Frequently Asked Questions

Can I use chicken breast instead of wing meat?

You could, but you’d be missing the point. Wing meat has fat and collagen that crisp into something holy. Breast meat dries out and squeaks between your teeth—don’t do it.

My eggs always get rubbery. What am I doing wrong?

You’re cooking them too long and probably too hot. Pull the pan off the heat when they’re still glossy and wet.
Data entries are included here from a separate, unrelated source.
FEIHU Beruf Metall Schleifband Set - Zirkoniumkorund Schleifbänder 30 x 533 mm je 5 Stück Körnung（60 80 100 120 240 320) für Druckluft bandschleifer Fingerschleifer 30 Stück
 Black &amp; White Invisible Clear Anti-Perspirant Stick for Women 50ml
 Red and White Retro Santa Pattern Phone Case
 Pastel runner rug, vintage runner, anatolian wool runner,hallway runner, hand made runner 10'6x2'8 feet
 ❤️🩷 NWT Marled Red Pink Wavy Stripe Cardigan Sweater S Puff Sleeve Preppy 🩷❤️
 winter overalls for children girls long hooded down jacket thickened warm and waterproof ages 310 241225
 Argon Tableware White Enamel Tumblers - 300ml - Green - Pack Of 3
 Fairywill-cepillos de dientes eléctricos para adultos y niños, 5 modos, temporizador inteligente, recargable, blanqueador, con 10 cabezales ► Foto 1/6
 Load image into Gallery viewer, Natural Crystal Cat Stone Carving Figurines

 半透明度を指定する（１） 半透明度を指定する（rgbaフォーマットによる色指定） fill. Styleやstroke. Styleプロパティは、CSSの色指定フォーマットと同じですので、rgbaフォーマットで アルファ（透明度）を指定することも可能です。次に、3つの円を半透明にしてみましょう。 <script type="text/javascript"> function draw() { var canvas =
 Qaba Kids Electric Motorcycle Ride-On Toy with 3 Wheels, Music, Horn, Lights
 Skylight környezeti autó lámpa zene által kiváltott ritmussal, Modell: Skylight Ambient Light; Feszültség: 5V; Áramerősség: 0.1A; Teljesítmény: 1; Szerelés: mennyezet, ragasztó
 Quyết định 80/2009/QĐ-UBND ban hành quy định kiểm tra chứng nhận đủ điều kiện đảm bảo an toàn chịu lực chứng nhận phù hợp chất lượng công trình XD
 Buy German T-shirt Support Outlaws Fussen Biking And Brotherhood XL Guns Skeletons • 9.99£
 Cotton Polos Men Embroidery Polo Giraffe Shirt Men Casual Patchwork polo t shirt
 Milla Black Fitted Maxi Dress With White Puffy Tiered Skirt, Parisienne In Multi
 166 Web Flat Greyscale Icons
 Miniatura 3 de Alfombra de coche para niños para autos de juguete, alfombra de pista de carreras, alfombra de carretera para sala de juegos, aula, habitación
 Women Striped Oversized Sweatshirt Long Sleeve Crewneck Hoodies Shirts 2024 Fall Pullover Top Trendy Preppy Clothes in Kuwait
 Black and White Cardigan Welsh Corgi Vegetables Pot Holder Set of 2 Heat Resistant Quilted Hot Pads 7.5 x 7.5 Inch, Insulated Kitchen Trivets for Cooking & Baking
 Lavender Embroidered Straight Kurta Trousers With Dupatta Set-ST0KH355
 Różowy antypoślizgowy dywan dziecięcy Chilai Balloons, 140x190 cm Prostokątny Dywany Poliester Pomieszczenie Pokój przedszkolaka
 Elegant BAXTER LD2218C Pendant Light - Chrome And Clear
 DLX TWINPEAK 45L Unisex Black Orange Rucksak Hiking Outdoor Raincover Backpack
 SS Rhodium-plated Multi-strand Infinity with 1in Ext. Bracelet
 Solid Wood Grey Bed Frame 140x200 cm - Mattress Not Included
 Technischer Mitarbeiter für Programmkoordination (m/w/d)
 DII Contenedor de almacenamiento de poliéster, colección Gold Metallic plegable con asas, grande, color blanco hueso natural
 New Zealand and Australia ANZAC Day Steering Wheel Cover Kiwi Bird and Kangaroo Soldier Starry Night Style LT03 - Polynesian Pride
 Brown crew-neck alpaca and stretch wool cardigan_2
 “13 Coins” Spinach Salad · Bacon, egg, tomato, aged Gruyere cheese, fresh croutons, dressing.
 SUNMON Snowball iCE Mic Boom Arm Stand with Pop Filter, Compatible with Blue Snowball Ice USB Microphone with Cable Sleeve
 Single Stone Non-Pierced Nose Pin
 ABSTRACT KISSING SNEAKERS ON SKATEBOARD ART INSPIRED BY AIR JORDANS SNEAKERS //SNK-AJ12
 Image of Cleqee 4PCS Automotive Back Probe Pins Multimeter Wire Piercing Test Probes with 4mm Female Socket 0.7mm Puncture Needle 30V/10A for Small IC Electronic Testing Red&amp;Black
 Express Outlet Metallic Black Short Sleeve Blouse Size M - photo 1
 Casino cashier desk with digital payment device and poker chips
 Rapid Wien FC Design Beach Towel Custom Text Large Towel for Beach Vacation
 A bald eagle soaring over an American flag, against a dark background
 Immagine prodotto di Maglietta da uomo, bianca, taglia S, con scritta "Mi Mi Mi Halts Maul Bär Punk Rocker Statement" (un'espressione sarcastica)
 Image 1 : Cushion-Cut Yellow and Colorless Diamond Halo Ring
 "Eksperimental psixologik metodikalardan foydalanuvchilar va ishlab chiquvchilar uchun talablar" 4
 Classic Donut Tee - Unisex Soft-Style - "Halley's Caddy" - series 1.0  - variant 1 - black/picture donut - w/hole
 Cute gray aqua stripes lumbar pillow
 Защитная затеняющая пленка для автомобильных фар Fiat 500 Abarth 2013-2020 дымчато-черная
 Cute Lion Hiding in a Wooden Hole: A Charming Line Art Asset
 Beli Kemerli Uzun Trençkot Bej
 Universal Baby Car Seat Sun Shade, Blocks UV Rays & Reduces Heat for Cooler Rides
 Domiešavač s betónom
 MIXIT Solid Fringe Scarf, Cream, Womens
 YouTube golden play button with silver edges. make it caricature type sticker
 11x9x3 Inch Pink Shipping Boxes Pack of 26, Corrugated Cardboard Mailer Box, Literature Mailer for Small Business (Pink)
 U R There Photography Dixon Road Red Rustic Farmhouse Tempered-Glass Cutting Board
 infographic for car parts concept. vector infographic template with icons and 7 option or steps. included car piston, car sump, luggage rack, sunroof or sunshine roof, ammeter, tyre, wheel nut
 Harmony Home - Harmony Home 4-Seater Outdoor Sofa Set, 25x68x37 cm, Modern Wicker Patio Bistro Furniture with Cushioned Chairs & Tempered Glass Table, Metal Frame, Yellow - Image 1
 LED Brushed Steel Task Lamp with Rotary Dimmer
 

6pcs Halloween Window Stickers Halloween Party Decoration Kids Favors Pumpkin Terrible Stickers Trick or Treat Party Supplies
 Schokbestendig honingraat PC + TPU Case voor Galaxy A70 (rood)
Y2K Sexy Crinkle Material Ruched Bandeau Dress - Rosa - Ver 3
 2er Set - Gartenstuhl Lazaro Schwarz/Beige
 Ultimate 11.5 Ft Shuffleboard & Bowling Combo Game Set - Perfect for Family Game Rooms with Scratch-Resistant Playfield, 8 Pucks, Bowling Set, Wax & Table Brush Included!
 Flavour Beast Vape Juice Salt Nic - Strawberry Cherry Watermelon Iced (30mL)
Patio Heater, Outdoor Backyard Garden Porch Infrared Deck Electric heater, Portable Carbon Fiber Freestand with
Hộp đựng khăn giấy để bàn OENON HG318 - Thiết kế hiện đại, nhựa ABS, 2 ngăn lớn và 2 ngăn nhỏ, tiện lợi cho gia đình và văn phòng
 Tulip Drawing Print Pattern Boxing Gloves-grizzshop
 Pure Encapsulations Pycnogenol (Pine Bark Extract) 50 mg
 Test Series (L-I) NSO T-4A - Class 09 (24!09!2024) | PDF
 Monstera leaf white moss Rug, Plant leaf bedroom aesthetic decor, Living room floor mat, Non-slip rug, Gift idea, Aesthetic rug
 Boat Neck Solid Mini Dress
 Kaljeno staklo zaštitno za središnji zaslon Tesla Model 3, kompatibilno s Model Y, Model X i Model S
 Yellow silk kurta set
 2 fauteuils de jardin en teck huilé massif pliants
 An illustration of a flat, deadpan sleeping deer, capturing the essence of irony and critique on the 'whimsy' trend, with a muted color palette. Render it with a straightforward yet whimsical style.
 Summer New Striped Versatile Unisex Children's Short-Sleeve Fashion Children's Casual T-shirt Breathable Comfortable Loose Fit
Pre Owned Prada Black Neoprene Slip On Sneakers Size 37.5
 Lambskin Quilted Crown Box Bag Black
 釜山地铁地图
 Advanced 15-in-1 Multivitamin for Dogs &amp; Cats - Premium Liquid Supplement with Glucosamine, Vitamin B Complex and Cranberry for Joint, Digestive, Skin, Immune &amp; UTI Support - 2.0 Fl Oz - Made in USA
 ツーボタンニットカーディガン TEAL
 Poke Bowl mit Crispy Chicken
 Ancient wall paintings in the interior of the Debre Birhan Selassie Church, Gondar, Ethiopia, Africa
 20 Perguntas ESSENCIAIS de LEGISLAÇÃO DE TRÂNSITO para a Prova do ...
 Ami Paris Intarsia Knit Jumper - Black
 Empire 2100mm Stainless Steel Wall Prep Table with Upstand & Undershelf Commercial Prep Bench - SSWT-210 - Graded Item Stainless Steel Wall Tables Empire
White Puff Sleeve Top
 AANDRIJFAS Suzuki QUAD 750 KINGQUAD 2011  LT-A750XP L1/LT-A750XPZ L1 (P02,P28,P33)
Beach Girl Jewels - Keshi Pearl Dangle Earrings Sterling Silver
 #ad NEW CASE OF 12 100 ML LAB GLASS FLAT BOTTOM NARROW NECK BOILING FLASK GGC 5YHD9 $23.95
They’ll finish cooking from residual heat while you curse at the coffee maker.

Can I make this ahead?

Yes, and frankly, it tastes better after 24 hours in the fridge. The soy sauce penetrates the chicken fully. Reheat in a screaming hot pan with a little fresh oil.

Do I really need scallions?

No, but then you’re just eating eggs and chicken. The sharp, oniony bite cuts through the fat. In a pinch, use a diced shallot, but don’t skip the allium family entirely.

Conclusion

Don’t overthink this. If you have cold chicken, eggs, and twelve minutes, you have breakfast. The worst thing you can do is try to make it Instagram-worthy—let the eggs tear, let the chicken char in spots, because that’s exactly where the deepest flavor develops. Cook it, eat it standing up, get on with your day. And when you’re ready to actually sit down for a proper brunch, my Lemon Ricotta Pancakes Recipe: Fluffy and Zesty Breakfast will make you feel like a civilized human again. But for now, just feed the chaos.